Renae, thank you for your advise, don’t worry I have him in a busy home area the study, I am no the computer a lot, so is a good place for him to get used to me gradually but without the noise images from the TV and the dogs, although he can hear all theses things, I think the study is the best place at the moment, keeping in mind I think this is a totally alien environment for him, so when he does finally move into the family area, he will at least be used to the noises.

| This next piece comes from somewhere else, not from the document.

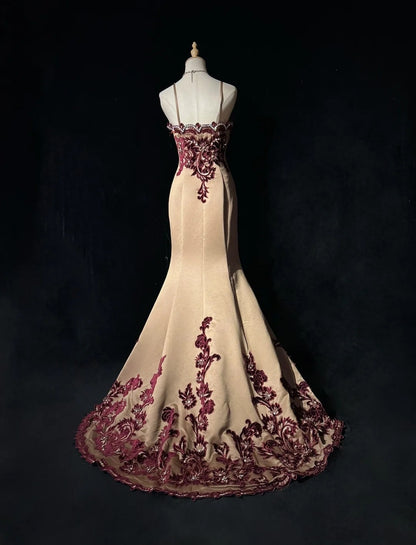 Princess Prom Dresses Mermaid Spagehtti Strap Champagne With Burgundy Embroidery Evening Long Dress N3291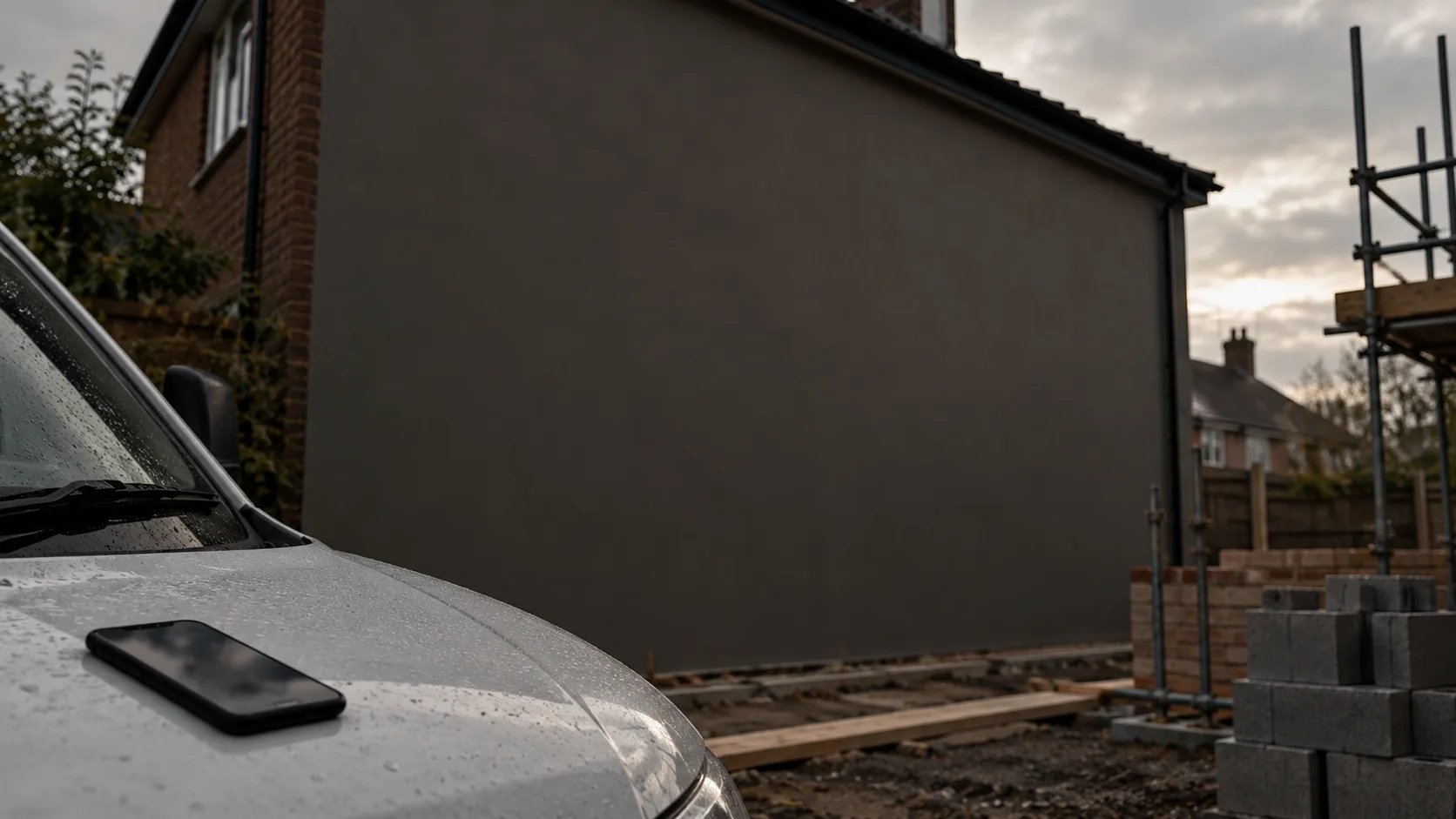 A phone resting on the bonnet of a van parked beside a new house extension, with scaffolding and blockwork to the right.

Well at first after the shock and being very quiet he then went a bit crazy jumping all over the bars and biting them, I then covered the cage over with a towel leaving only the front area open, this seemed to settle him down today he as been in the corner at the back on the floor, and just this afternoon he seems to be coming out of his shell a bit, he’s up on the perches he’s been eating even had some Buk Choy which is good, and been playing with his toy a bit this afternoon too, so looking a bit happier, anyway I have managed to get a few pictures, opened the door and took the shots form the door, the one in the corner is a good photo for colour there was more light, but up on the perch you can see his markings although it is a little dark, of course I didn’t have the flash turned on, on the camera, I think that would have really freaked him out, lol, he’s so pretty I just loved him the moment I saw him, lol here are the pictures and if anyone knows what his mutation his please let me know, lol

















Jenny


----------



## cheekyboy (Jul 14, 2009)

Oh wowies!!!  He is such a sweety! I love his colouring.. its gorgeous! He sure does look like a Smudge to me!


----------



## elaichri (Mar 9, 2010)

how do you clip the wings?
is it easy?
my cockatiel is being hand reared
but being new to cockatiels and really wanting this babyto bond with me and be my companion i will be on this site a lot getting any tips i can


Jenny10 said:


> Hi Reneae,
> 
> Thank you again for your advise, well I have bought the bird today, after thinking about it overnight and this morning, I looked at a few hand reared ones in other stores and to be honest they ran away from me anyway, then I went back and looked at the bird I liked again and have bought him, I have already clipped the wings, I took 4 from each side, decided better to get and clip the wings now before he/she settles a bit and then pull him/her out to clip.
> 
> ...


----------



## Jenny10 (Feb 27, 2010)

Hi, I had never clipped a bird’s wing but found it pretty straight forward, you will need someone to help you, my Hubby held the bird in a towel while I did the clip it takes a matter of minutes, and I strongly recommend clipping both wings so the bird isn’t unbalanced.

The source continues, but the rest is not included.